### WHAT TO PRODUCE
Reproduce the listing below in full and without alteration, apart from its pictures.

### INFORMATION SHOWN
»»
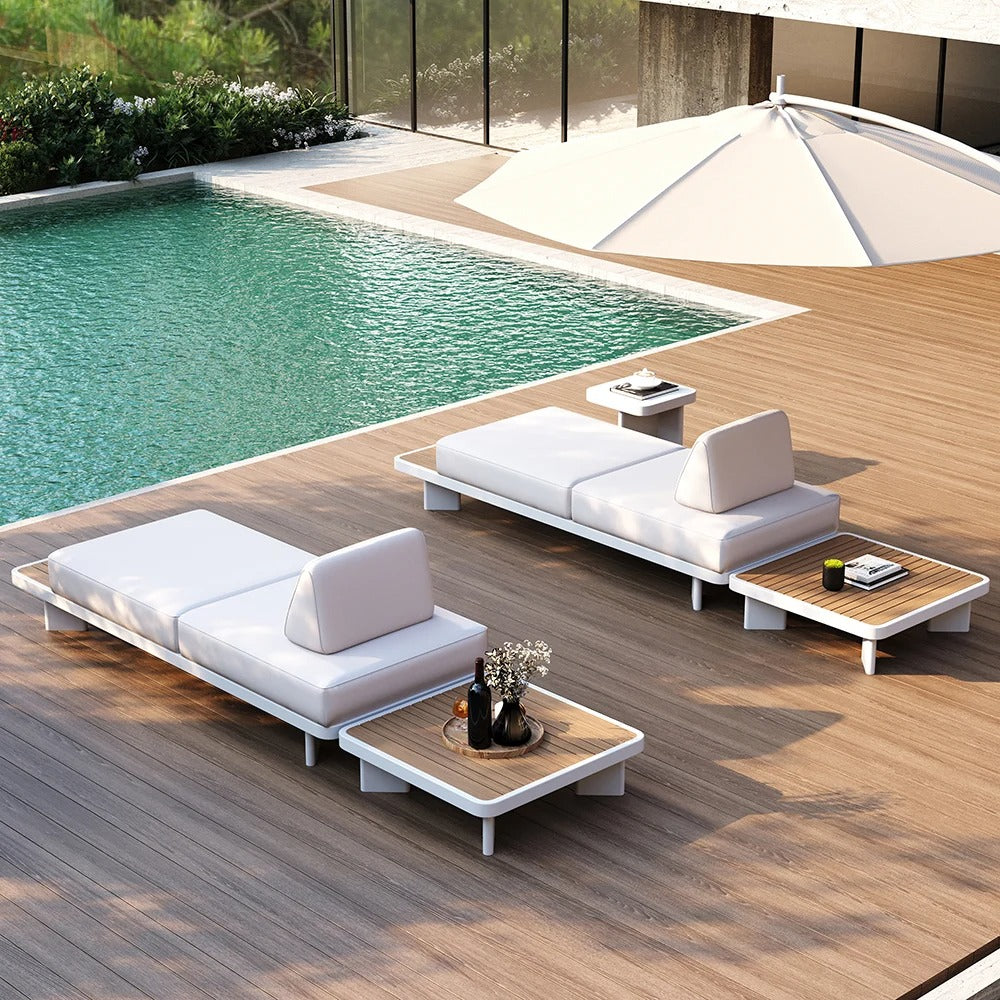 5 PCS Wood-Plastic & Aluminum L Shaped Sofa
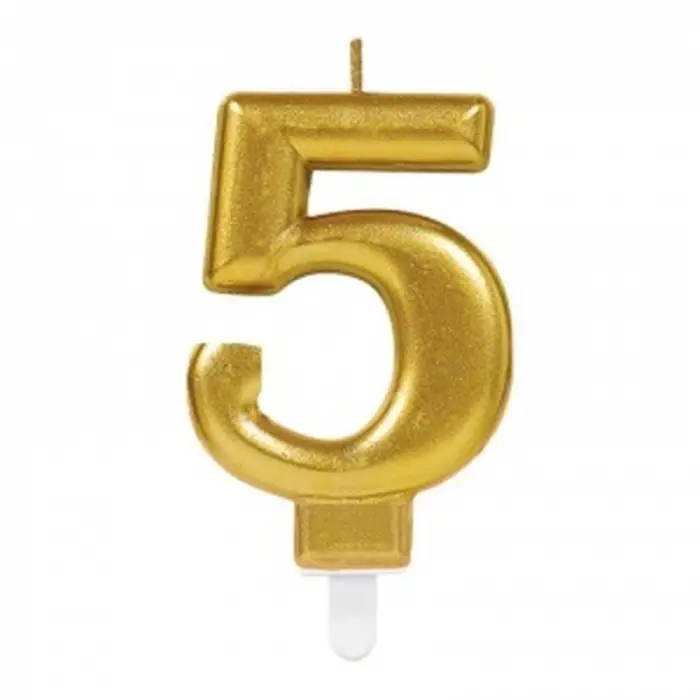 10 Cm 1 Adet 5 Rakam Mum Gold Renk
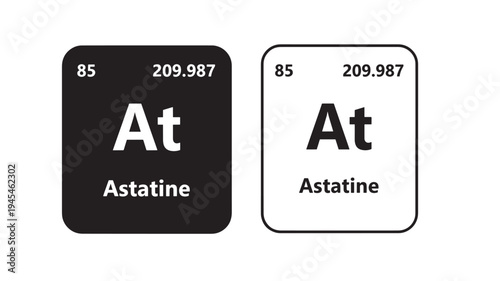 Astatine element icons with atomic number and mass, presented in black and white for educational or scientific representation.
««
### ANSWER FOR THIS EXERCISE
 5 PCS Wood-Plastic & Aluminum L Shaped Sofa
 10 Cm 1 Adet 5 Rakam Mum Gold Renk
 Astatine element icons with atomic number and mass, presented in black and white for educational or scientific representation.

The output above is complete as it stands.